La dispute vigoureuse sur les subventions agricoles qui a récemment opposé le président français Jacques Chirac et le premier ministre britannique Tony Blair démontre encore une fois le lien inséparable qui existe entre les disputes internes de l'UE et la question des relations euro-américaines.

Un des principaux obstacles à l'expansion orientale de l'Union européenne avait toujours été la Politique agricole commune (PAC), un programme de subventions agricoles coûtant environ 40 milliards d'euros par an (40 pour cent du budget de l'UE). L'extension des subventions aux nombreuses petites exploitations en Europe de l'Est aurait coûté très cher. Les négociations sur l'extension à l'est de la PAC avaient toujours opposé un groupe de pays bénéficiaires de la PAC (France, Espagne, Italie) aux pays qui y contribuent plus qu'ils n'en retirent (Allemagne, Royaume-Uni, Danemark).
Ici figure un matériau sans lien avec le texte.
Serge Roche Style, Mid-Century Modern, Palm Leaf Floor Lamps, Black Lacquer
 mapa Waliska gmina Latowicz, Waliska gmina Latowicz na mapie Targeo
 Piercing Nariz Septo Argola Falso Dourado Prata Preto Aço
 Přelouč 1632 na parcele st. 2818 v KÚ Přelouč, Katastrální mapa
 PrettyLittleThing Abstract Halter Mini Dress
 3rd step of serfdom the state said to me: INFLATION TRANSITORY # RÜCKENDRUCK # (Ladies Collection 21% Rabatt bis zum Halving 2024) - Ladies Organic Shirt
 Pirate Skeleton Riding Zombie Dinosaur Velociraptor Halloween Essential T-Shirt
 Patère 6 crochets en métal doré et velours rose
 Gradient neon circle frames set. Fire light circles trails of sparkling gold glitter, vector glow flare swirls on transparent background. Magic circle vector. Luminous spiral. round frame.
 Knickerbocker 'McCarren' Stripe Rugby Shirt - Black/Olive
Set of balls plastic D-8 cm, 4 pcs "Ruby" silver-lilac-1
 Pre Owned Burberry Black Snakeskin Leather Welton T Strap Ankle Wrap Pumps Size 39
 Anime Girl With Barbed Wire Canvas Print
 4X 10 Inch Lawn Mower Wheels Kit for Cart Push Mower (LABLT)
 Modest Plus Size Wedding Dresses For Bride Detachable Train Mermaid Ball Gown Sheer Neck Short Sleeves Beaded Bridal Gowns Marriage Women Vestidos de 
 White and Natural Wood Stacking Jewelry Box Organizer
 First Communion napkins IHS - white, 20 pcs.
Un accord surprise entre Chirac et le chancellier allemand Gerhard Schröder juste avant les négociations d'extension de l'UE, a largement exaucé les voeux du président français : la PAC sera pérennisée jusqu'en 2006 et ensuite lentement réduite année par année. Les pays de l'Est recevront une certaine fraction (commençant vers 25 pour cent et atteignant la parité à une date à laquelle la PAC sera largement réduite) de l'aide accordée aux membres actuels. Cet accord franco-allemand, que les négociations des quinze membres de l'UE ont largement respecté, a permis de clore rapidement le dossier de l'élargissement.

Blair a publiquement attaqué l'hypocrisie du gouvernement français, qui parle d'aider l'Afrique tout en coupant les fermiers africains des marchés européens. Chirac a riposté en reportant indéfiniment le sommet diplomatique franco-britannique au Touquet du 3 décembre.

La décision franco-allemande sur la PAC a jeté la politique extérieure du gouvernement Blair dans une profonde crise. La tentative britannique de s'allier avec les gouvernements conservateurs en Italie et en Espagne donne des résultats mixtes suite à l'échec de leur politique ultra-répressive sur l'immigration au Congrès de Séville, face à l'opposition de la France et de la Suède. La presse britannique a évoqué le spectre de l'époque du «moteur franco-allemand», quand le président français François Mitterrand et le chancelier allemand Helmut Kohl ont présenté le lancement de l'euro comme un fait accompli au Royaume-Uni. Blair a eu la piètre consolation d'annoncer que les augmentations d'un pour cent du financement de la PAC dans les années à venir seraient probablement inférieures au taux d'inflation.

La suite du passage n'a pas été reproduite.